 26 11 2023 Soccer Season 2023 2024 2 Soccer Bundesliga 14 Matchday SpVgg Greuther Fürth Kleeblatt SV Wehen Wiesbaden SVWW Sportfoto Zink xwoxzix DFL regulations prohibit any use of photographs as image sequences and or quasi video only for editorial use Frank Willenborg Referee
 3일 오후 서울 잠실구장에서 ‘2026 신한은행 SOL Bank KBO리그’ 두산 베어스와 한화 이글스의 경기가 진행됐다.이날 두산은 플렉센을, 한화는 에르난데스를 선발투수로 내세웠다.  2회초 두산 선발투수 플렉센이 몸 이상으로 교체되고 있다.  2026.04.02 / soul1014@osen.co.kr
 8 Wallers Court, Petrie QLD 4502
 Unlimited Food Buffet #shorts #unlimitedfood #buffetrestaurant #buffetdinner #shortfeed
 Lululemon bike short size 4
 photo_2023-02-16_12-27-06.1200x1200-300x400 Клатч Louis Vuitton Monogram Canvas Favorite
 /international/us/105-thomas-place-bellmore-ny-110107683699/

══════════

### [TRY IT]
Set down only the lines running from the line with "photo_2023-02-16_12-27-06.1200x1200-300x400 Клатч Louis" to the end of the entries above, both included, exactly as they stand.

### [ANSWER TO THIS EXERCISE]
 photo_2023-02-16_12-27-06.1200x1200-300x400 Клатч Louis Vuitton Monogram Canvas Favorite
 /international/us/105-thomas-place-bellmore-ny-110107683699/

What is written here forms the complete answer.